* **Your objective**: Exact transcription, pictures omitted: reproduce the listing below.

* **Dataset content**:

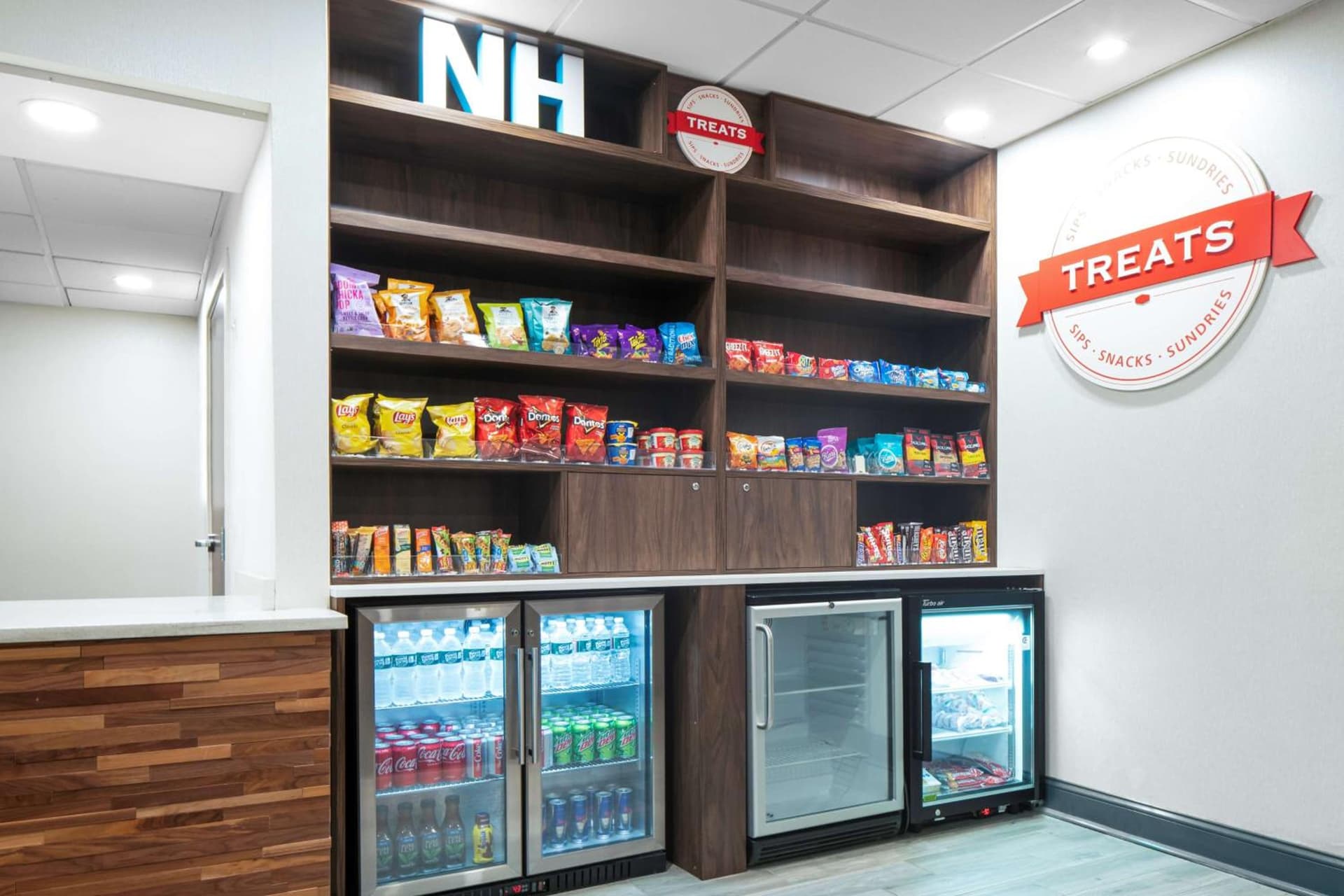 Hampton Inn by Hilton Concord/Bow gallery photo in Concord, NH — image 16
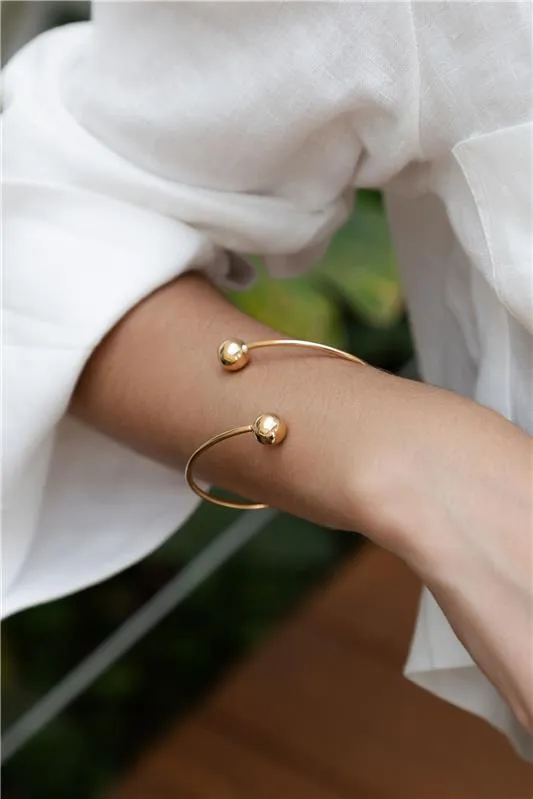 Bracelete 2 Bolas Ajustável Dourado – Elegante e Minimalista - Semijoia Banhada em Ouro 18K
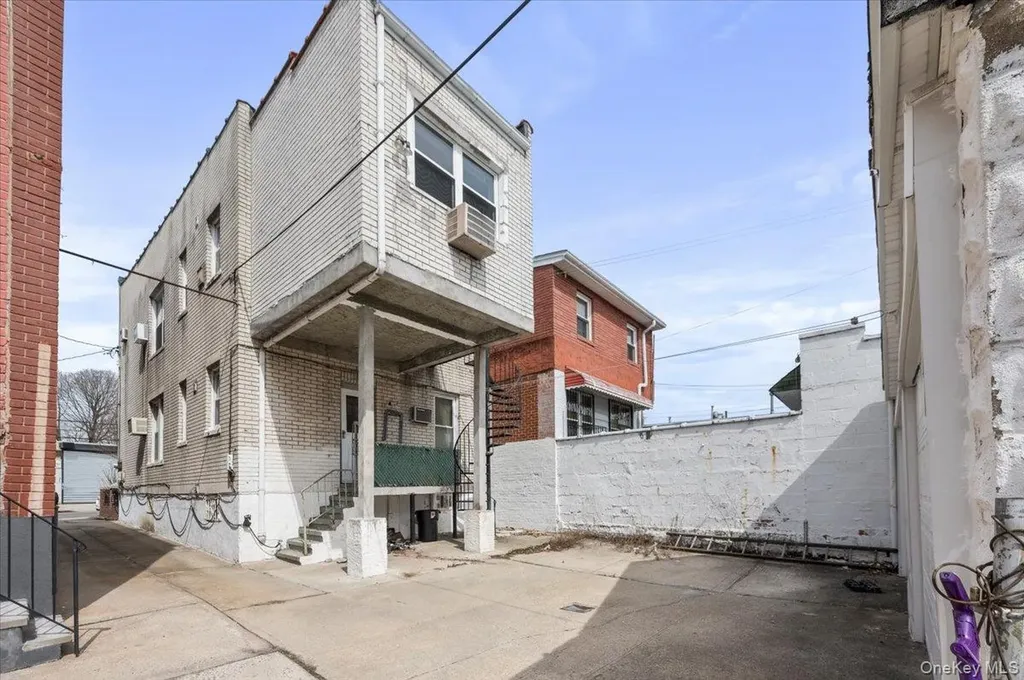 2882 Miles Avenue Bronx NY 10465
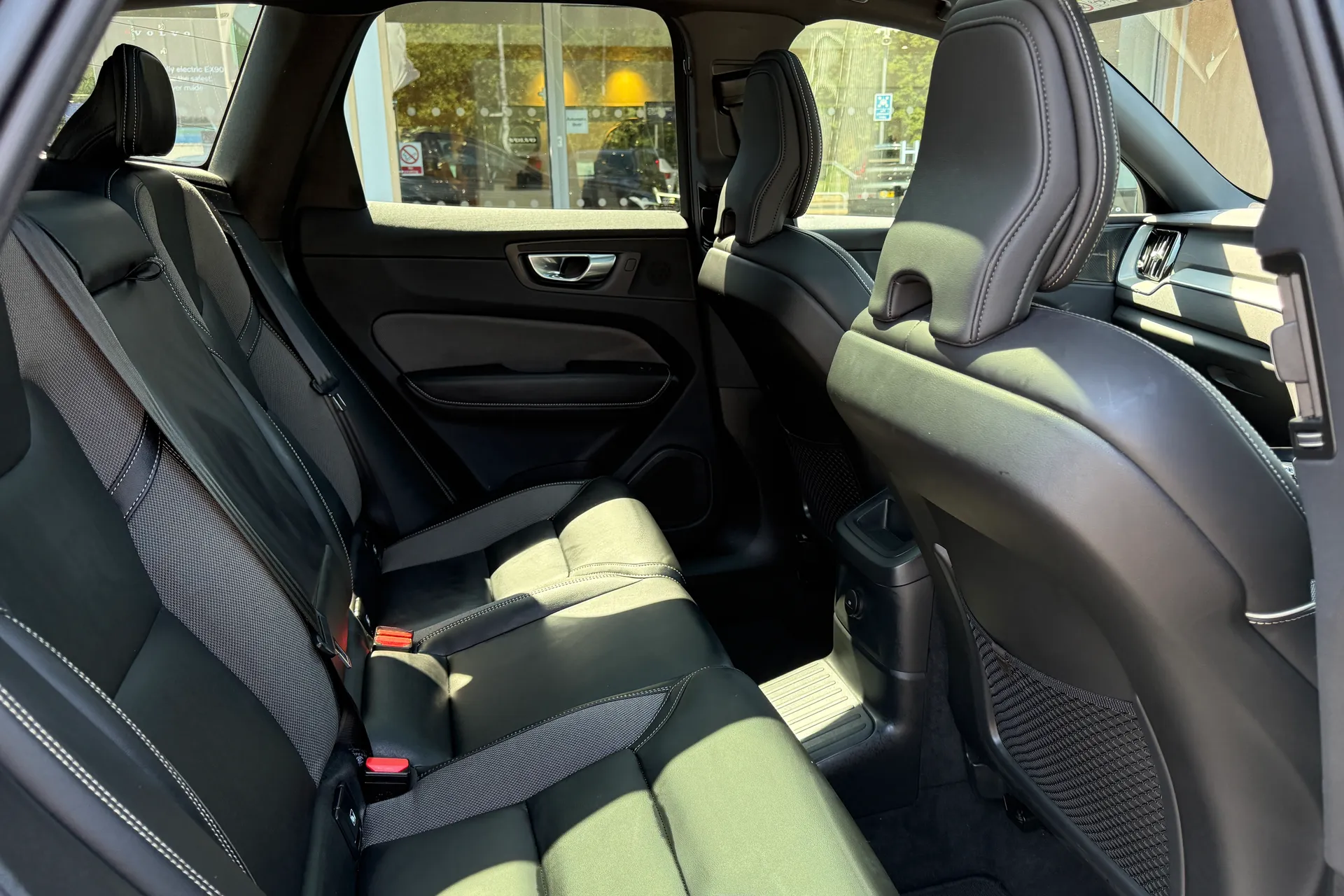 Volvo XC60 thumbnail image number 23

* **Task answer**:
 Hampton Inn by Hilton Concord/Bow gallery photo in Concord, NH — image 16
 Bracelete 2 Bolas Ajustável Dourado – Elegante e Minimalista - Semijoia Banhada em Ouro 18K
 2882 Miles Avenue Bronx NY 10465
 Volvo XC60 thumbnail image number 23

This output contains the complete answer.